BRIEF :: Copy the following data exactly and drop the pictures.

SUPPLIED MATERIAL ::
------------
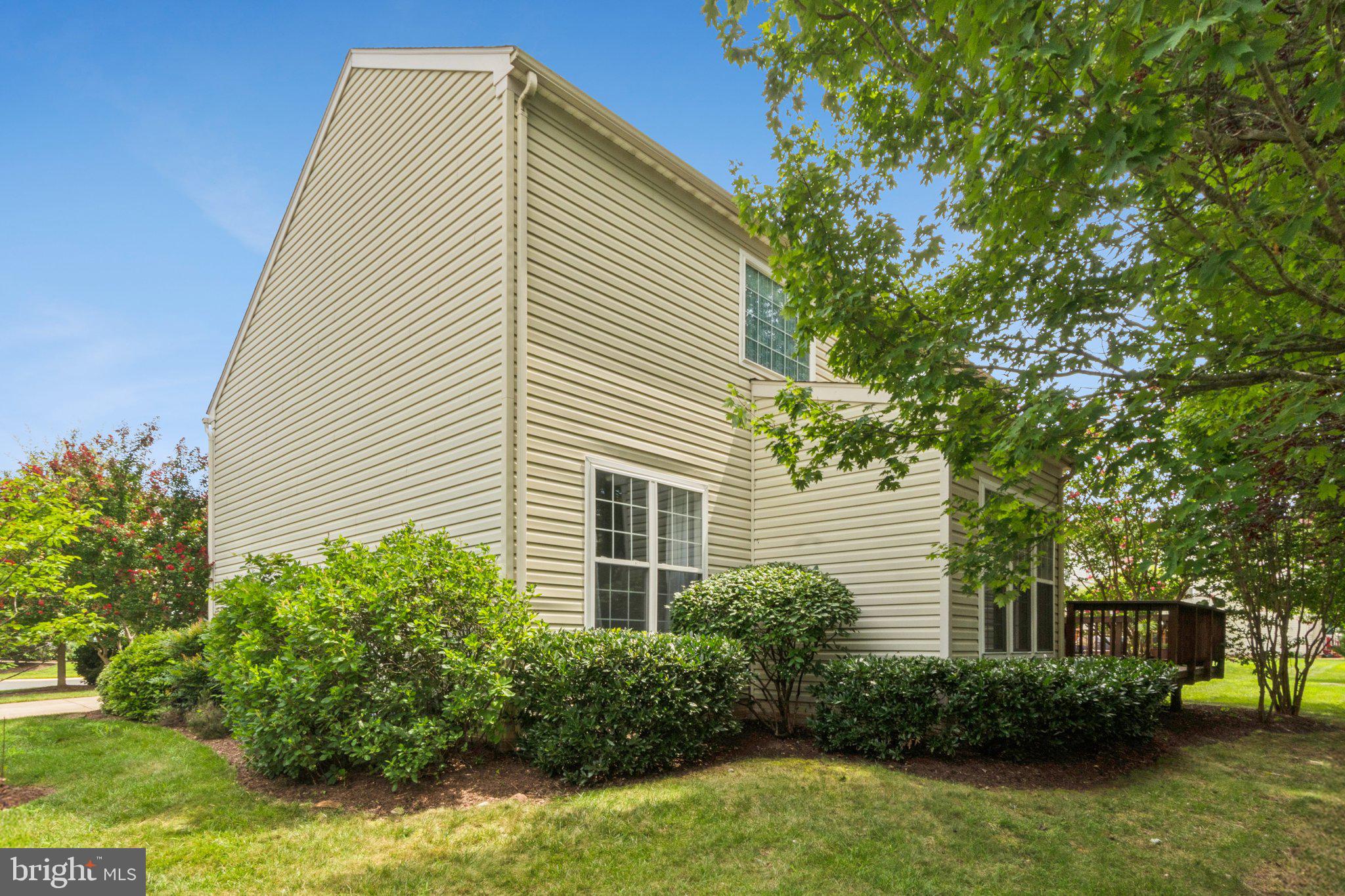 12513 Fox View Way Reston, VA 20191 - Photo 30 of 39 a view of a house with a yard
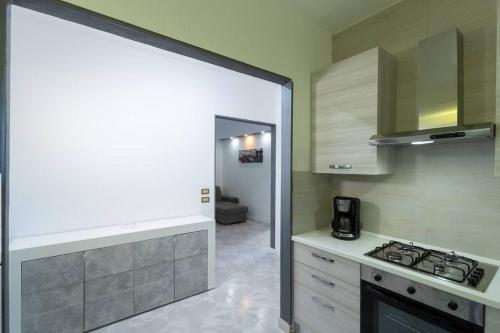 a kitchen with a sink and a stove top oven at Holiday Home Lucifero in Contura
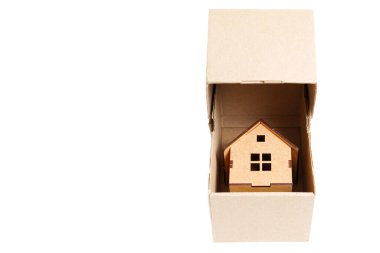 Wooden self-assembly toy house inside a cardboard box isolated on white. Relocation concept.
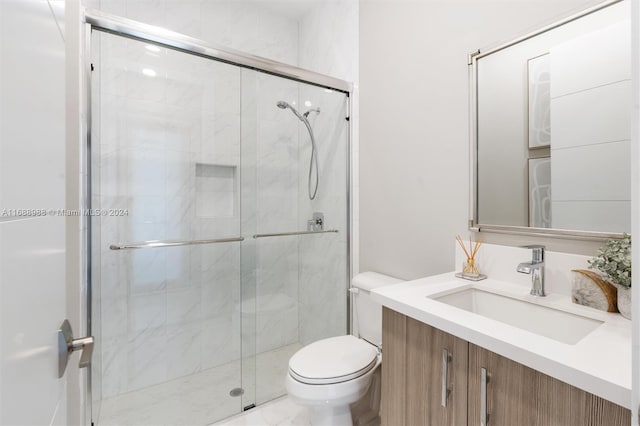 bathroom with toilet, vanity, and a shower with door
------------
RESPONSE AREA ::
 12513 Fox View Way Reston, VA 20191 - Photo 30 of 39 a view of a house with a yard
 a kitchen with a sink and a stove top oven at Holiday Home Lucifero in Contura
 Wooden self-assembly toy house inside a cardboard box isolated on white. Relocation concept.
 bathroom with toilet, vanity, and a shower with door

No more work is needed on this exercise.